Hallelujah to a compelling revival

That Eye, The Sky
A stage adaptation of Tim Winton’s novel
by Justin Monjo and Richard Roxburgh.
State Theatre Company South Australia.
Dunstan Theatre, Adelaide Festival Centre.
August 28. Tickets: $32- $67. Bookings 131 246 or online
Duration: 100 minutes (no interval)
Until September 16.

Tim Winton wrote That Eye, the Sky when he was 25, describing it as the novel where his work turned a corner. In it he embraced a vigorous vernacular, and explored layers of belief, mysticism and the outer perimeters of human hope. His captivating central character, Ort (short for Morton) is at upper level primary school. He is eccentric, other-worldly, but also blithely candid, intuitive, and unswervingly honest.

When his father Sam, is massively injured in a car accident, Ort (with his emotionally scarred and bitter sister, Tegwyn) helps their mother, Alice, tend to their paralysed and speechless father with both loving patience and a darkening pall of despair. Into this besieged and stricken family comes Henry Warburton, like a character from a Flannery O’Connor novel. He is a vagrant preacher, an acid–fried shaman and a faith healer with no mojo.

In State Theatre Company’s compelling revival of Justin Monjo and Richard Roxburgh’s 1994 adaptation, director Kate Champion has brought together a production that crackles with Winton’s text and enriches the characters, each one faced with challenges seemingly greater than their resources and endurance.

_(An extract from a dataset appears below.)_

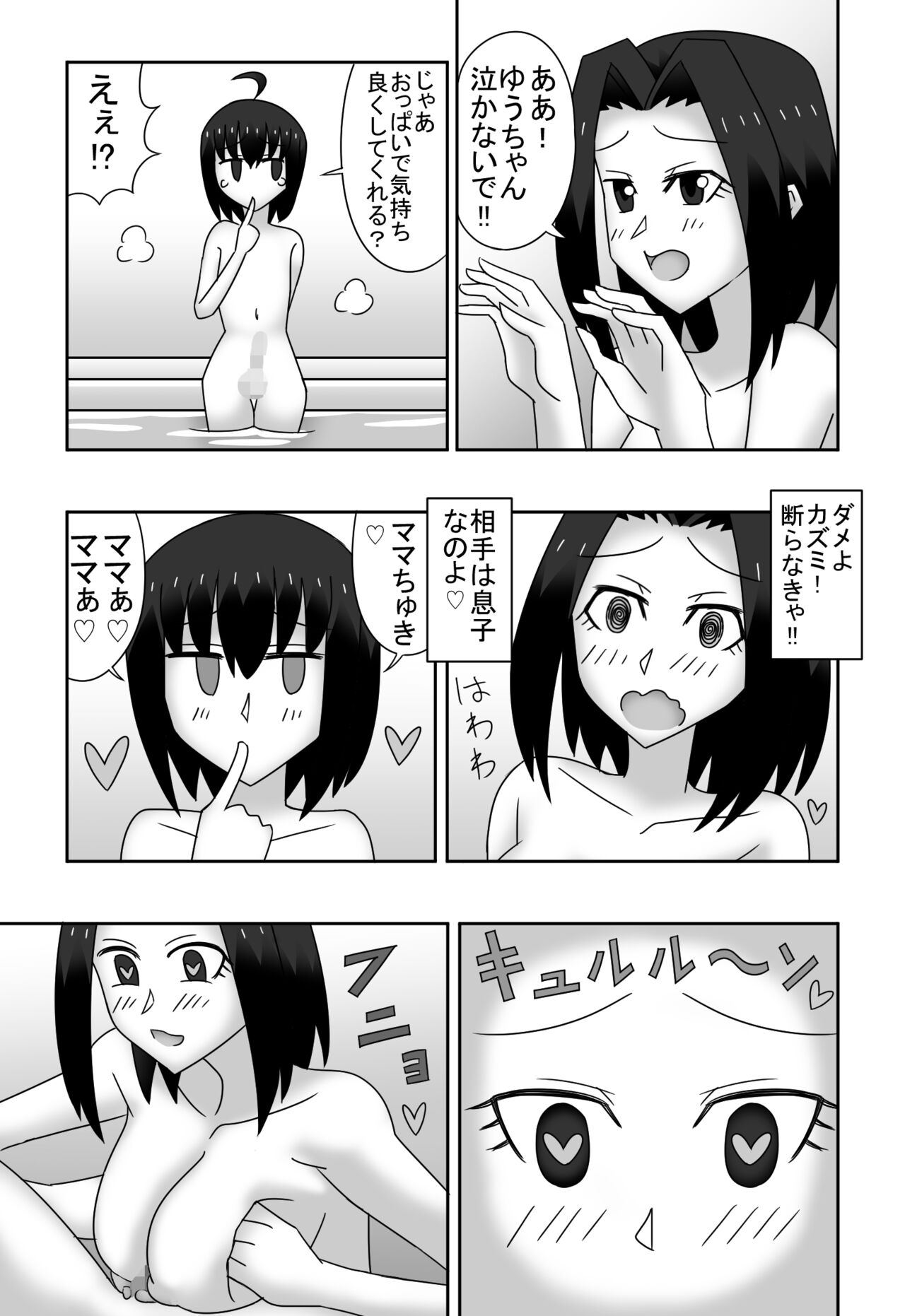 カズミとユウの母子相姦〜私達、どんなカップルよりもラブラブで〜す〜 page 9 full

Geoff Cobham’s décor and lighting (assisted by Wendy Todd) is his last project as resident at State – and he brings the best of his signatures. The small town homestead set is detailed with wooden platforms and stacks of car tires, a creek at the edge of the stage, and a huge crumpled scrim of cloud above. The whole back wall is a canvas for saturated reds and blues, while intense sidelights create a photorealist edge, and the firmament is periodically lit up for close encounters of the numinous kind.

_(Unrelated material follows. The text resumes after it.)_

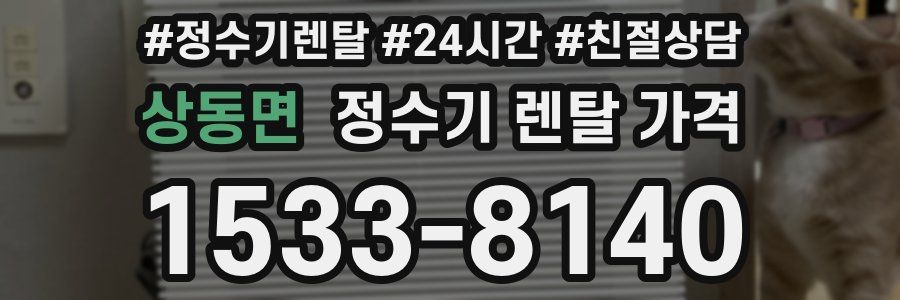 상동면 정수기 렌탈 가격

Alan John’s splendidly-judged music (like Andrew Howard’s soundscape) is a mix of sustained ambient exhalations and lyrical wind and reed consorts, interspersed with gospel refrains and humming choruses.

Champion has brought together an excellent cast. Bill Allert as Sam, the immobilised pieta, Elena Carapetis as his shattered wife Alice, Rory Walker as the vile neighbour, Mr Cherry, Michelle Nightingale, his wife, and Ezra Juanta as his son, Ort’s erstwhile friend, Fat – all bring precision and feeling to the story.

Kate Cheel sustains the pain in Tegwyn, too sceptical to accept faith, but longing for its nourishment, and Christopher Pitman expertly navigates the quirks and contradictions of Henry. But special mention belongs to Tim Overton’s outstanding portrayal of Ort. He is the spiritual core of the story, the one who never takes his eye off that sky.

“Hallelujah to a compelling revival”, The Australian, August 30, 2018, p.14.